Note on the material below: return exactly the lines from the line that holds "Haberländer Feuerwehr feiert" through the line that holds "Appartement à louer, 84m², Pessac", and leave out each picture.

=== Begin Enclosure ===

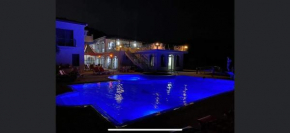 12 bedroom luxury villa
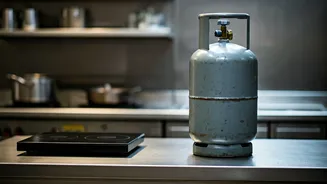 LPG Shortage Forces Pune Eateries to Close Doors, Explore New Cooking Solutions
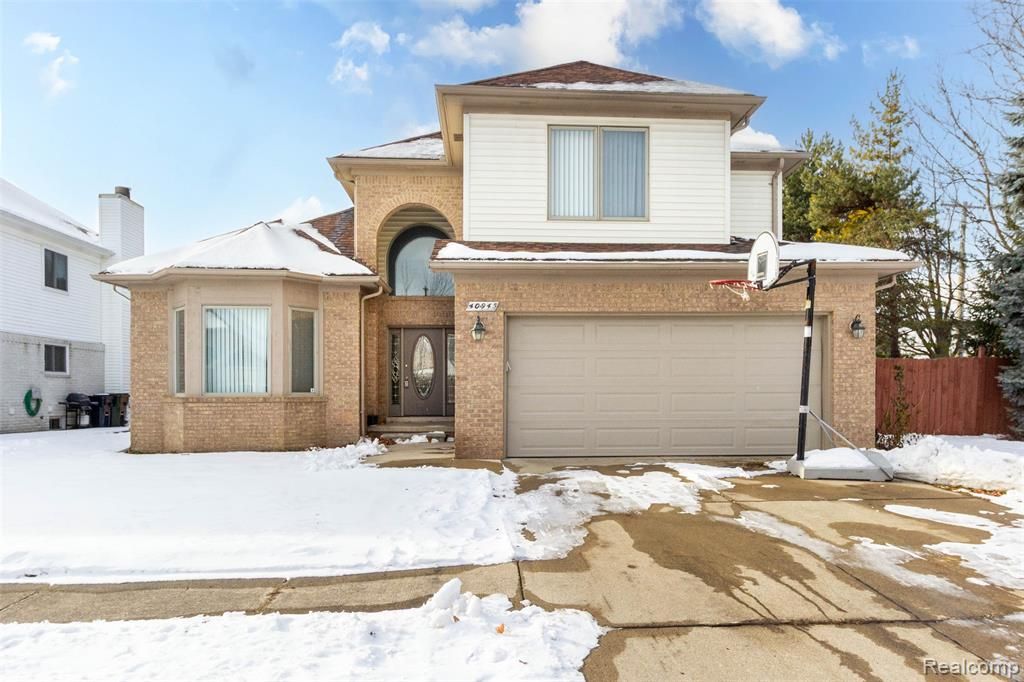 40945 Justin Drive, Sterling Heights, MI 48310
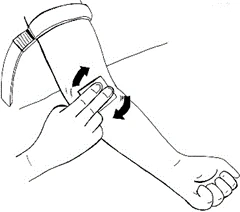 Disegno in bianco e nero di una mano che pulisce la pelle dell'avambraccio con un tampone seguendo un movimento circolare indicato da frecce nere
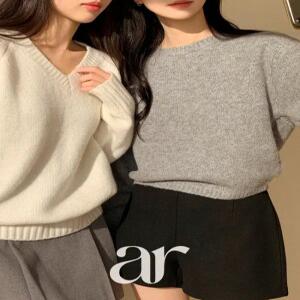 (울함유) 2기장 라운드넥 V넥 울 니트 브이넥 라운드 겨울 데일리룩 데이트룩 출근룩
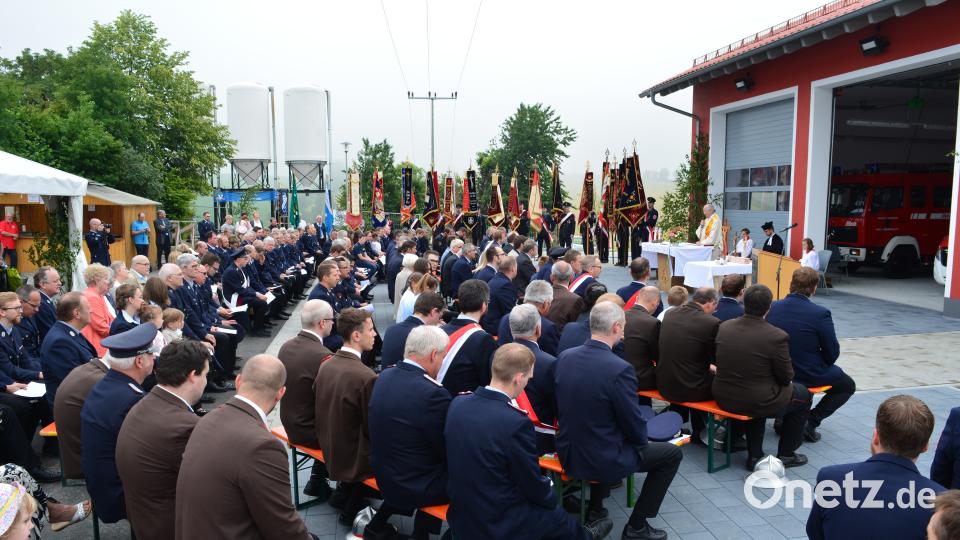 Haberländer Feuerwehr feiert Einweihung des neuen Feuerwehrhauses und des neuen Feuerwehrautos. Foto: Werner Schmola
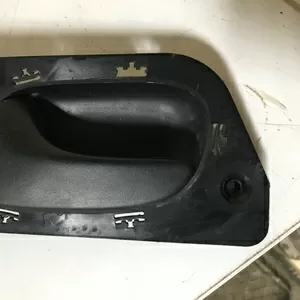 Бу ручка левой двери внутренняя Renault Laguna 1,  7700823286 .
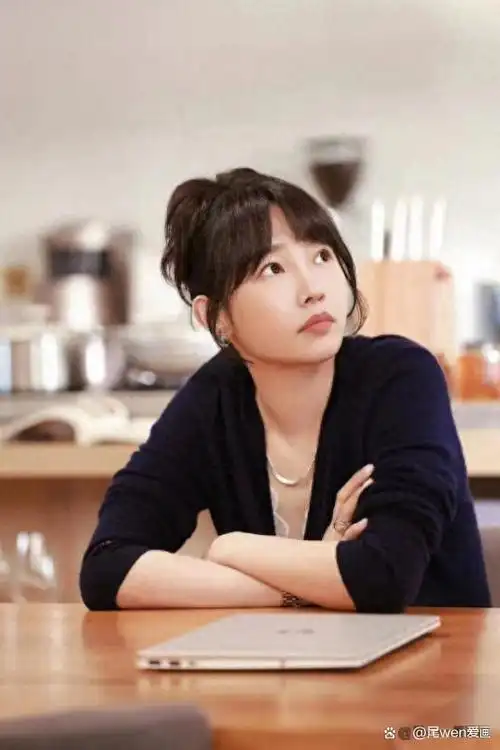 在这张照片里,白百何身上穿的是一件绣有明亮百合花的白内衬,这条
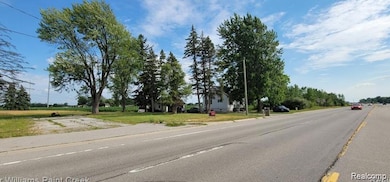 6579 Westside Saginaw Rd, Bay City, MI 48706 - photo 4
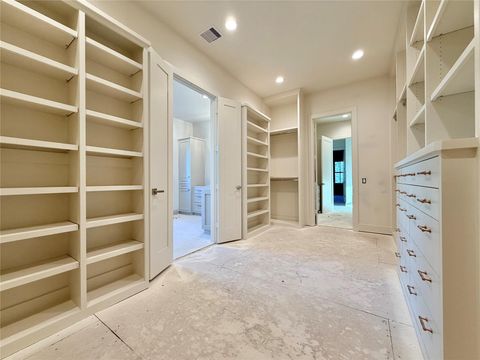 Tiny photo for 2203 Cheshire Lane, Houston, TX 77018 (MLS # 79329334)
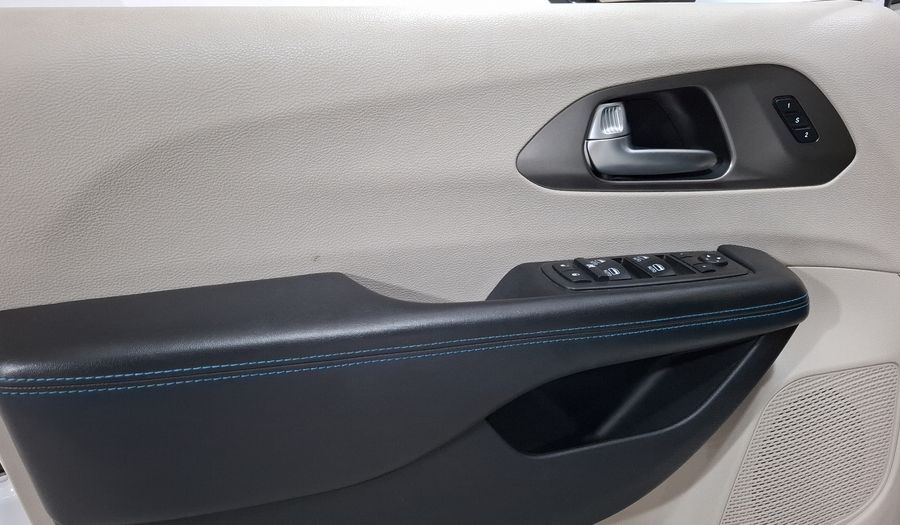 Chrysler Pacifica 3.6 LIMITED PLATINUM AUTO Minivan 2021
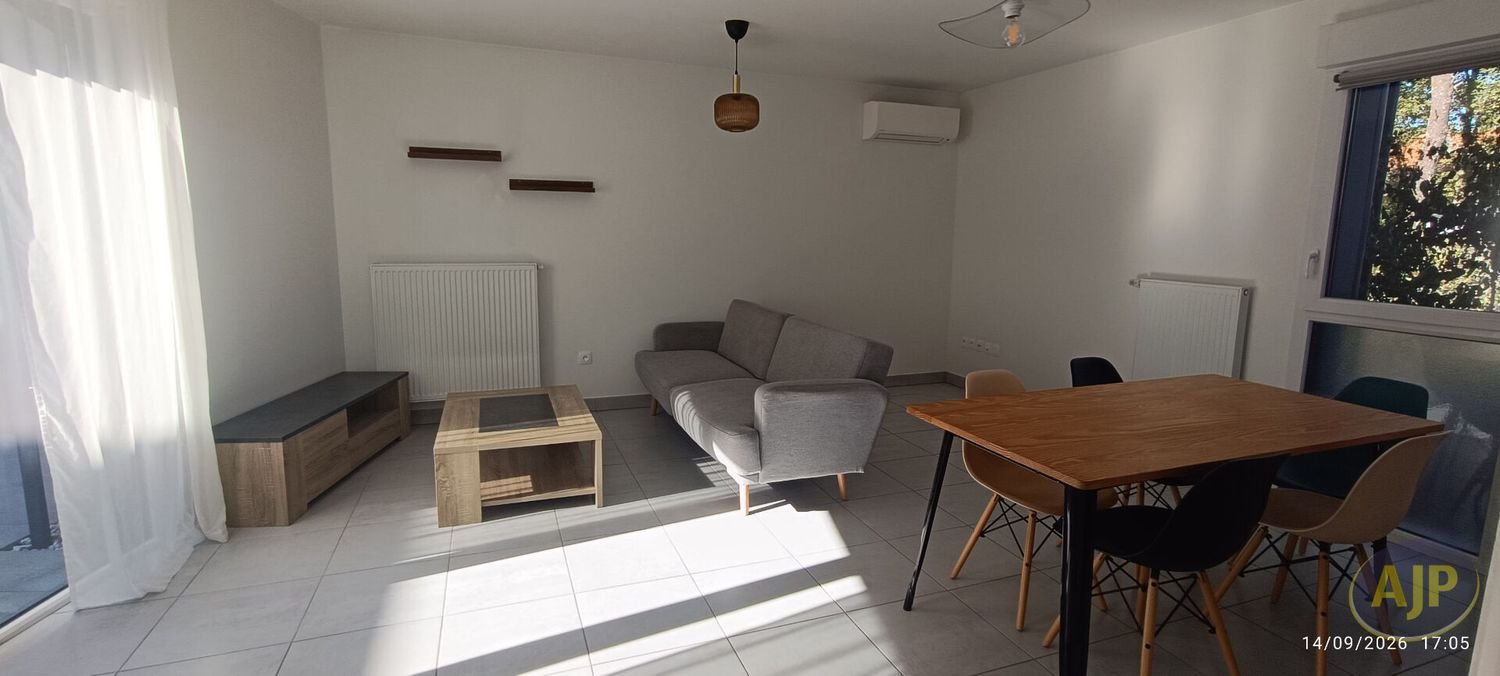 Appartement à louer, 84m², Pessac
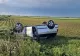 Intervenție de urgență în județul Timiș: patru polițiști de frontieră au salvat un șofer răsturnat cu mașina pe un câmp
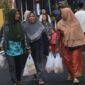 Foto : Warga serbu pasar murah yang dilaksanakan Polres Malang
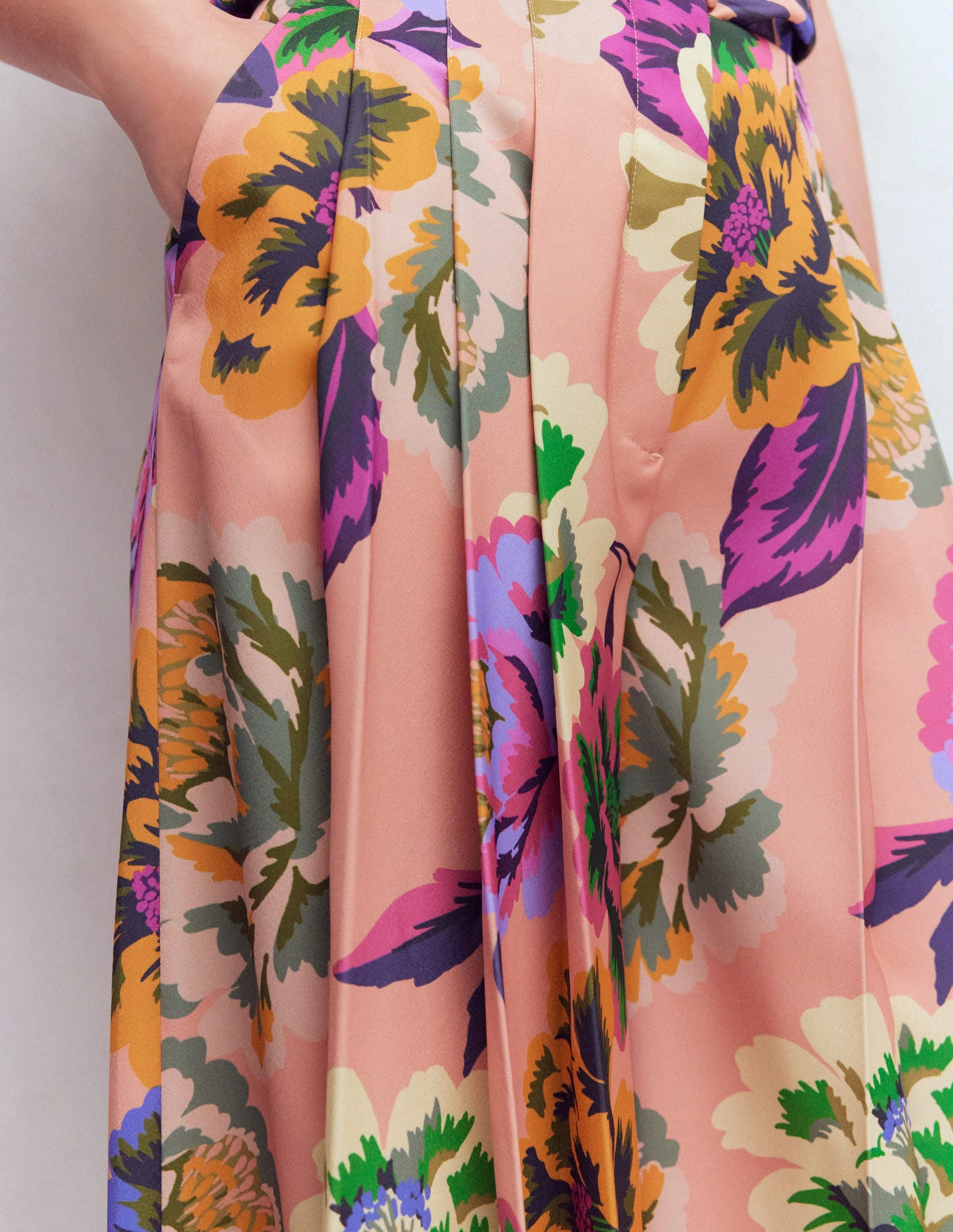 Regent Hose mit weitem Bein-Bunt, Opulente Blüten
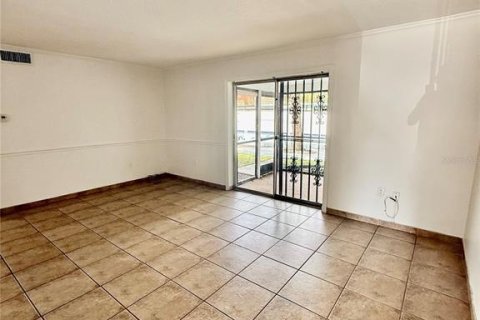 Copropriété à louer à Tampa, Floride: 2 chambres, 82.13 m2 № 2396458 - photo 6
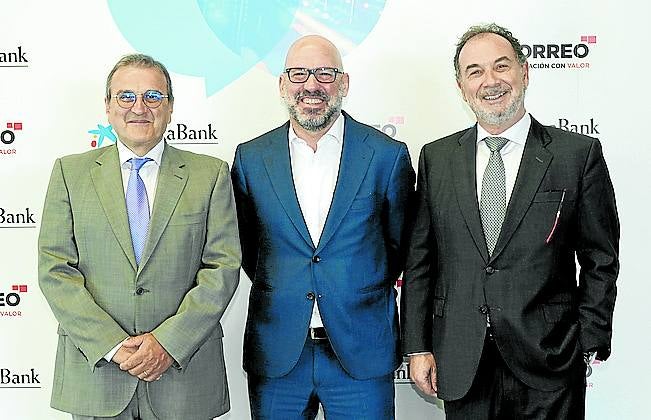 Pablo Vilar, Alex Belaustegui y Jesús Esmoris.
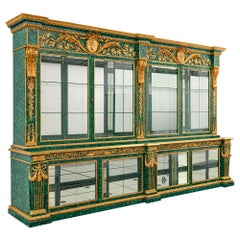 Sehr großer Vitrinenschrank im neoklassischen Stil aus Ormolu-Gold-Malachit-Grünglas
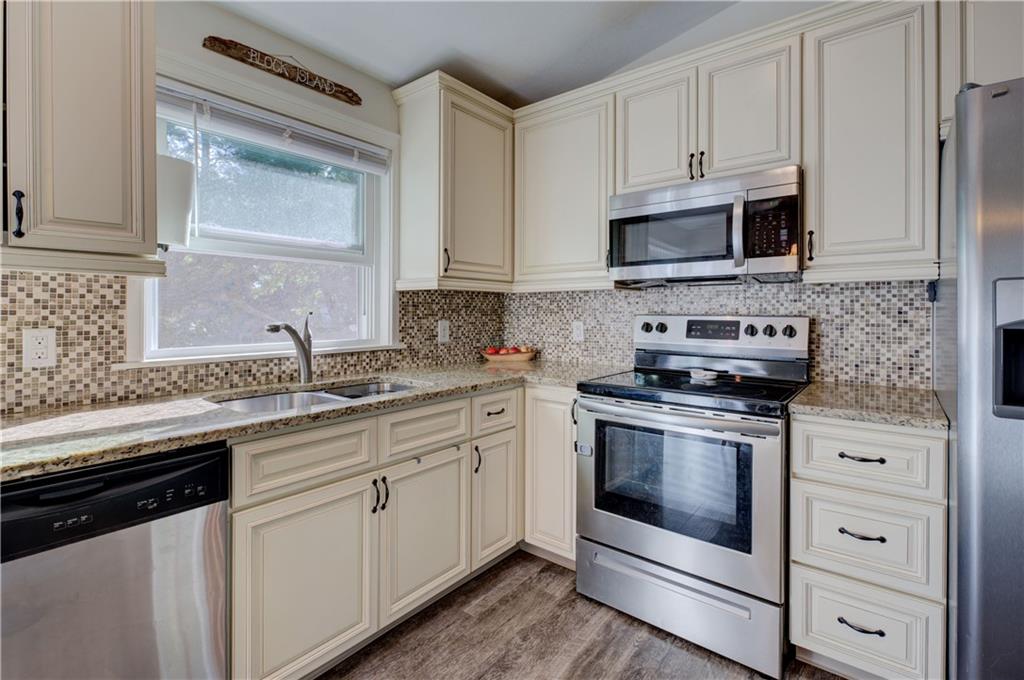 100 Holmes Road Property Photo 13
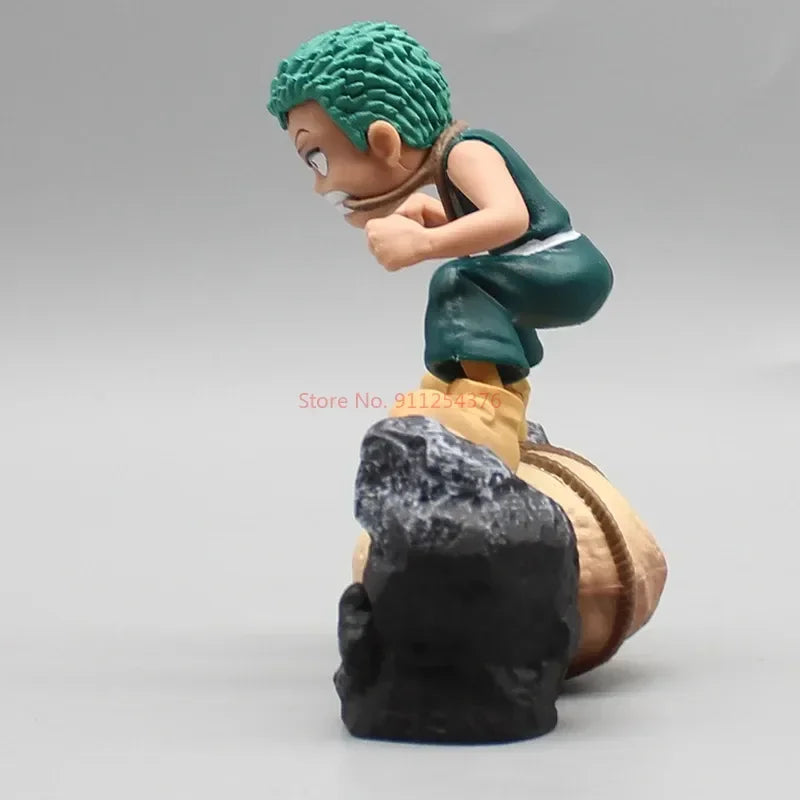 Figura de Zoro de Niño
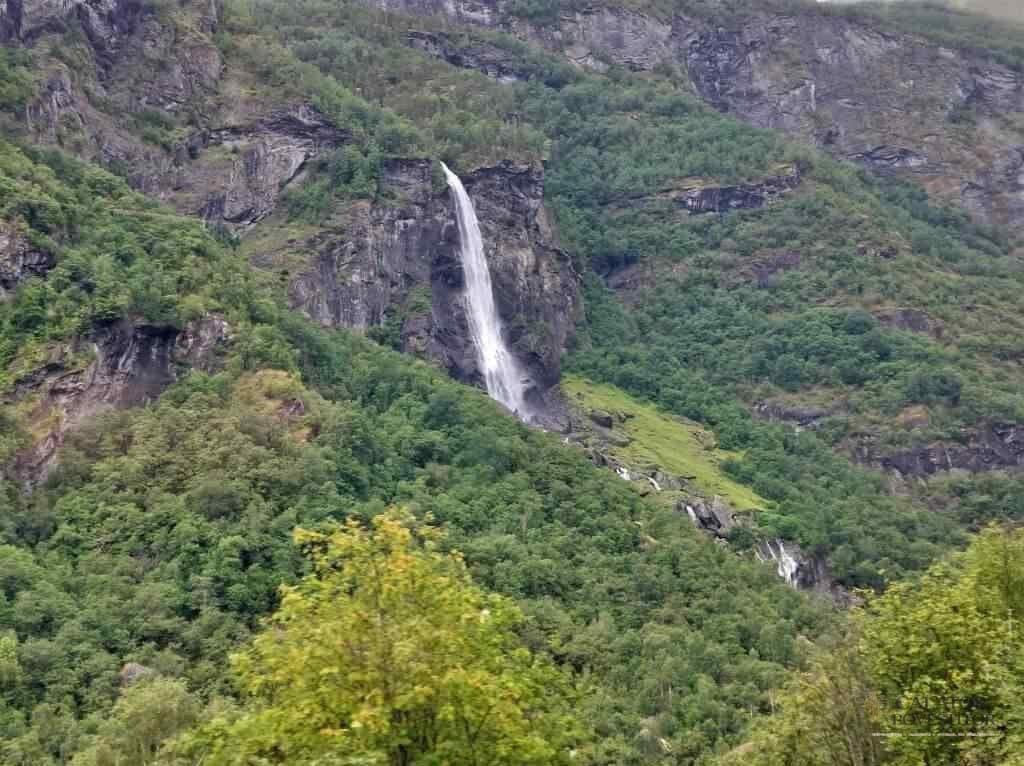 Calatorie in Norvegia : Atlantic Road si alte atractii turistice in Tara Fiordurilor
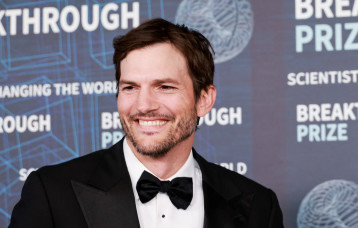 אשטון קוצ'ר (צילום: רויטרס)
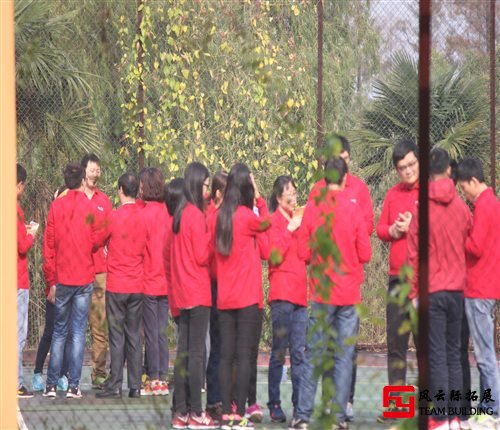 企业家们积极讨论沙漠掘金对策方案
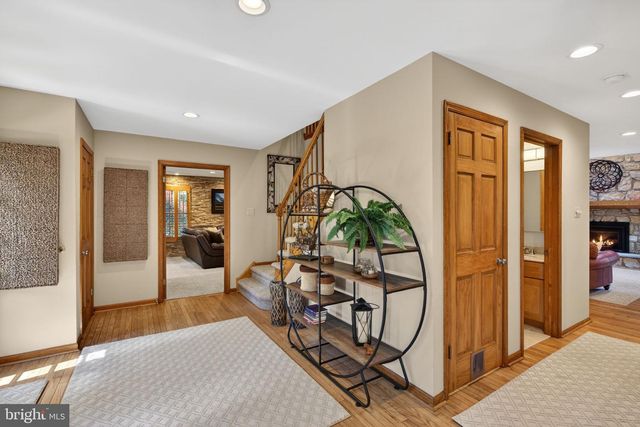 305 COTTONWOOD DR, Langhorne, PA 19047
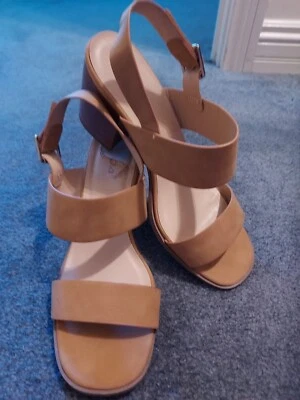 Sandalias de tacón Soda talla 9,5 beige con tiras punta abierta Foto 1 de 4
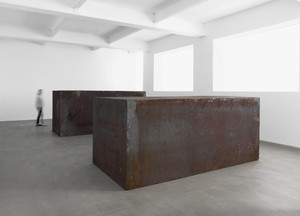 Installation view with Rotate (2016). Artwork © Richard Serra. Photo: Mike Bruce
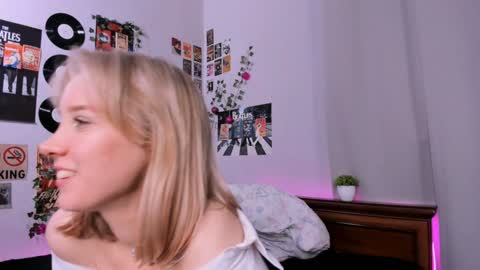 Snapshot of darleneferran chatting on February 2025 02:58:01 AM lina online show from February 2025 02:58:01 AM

=== End Enclosure ===

## Task answer
 Haberländer Feuerwehr feiert Einweihung des neuen Feuerwehrhauses und des neuen Feuerwehrautos. Foto: Werner Schmola
 Бу ручка левой двери внутренняя Renault Laguna 1,  7700823286 .
 在这张照片里,白百何身上穿的是一件绣有明亮百合花的白内衬,这条
 6579 Westside Saginaw Rd, Bay City, MI 48706 - photo 4
 Tiny photo for 2203 Cheshire Lane, Houston, TX 77018 (MLS # 79329334)
 Chrysler Pacifica 3.6 LIMITED PLATINUM AUTO Minivan 2021
 Appartement à louer, 84m², Pessac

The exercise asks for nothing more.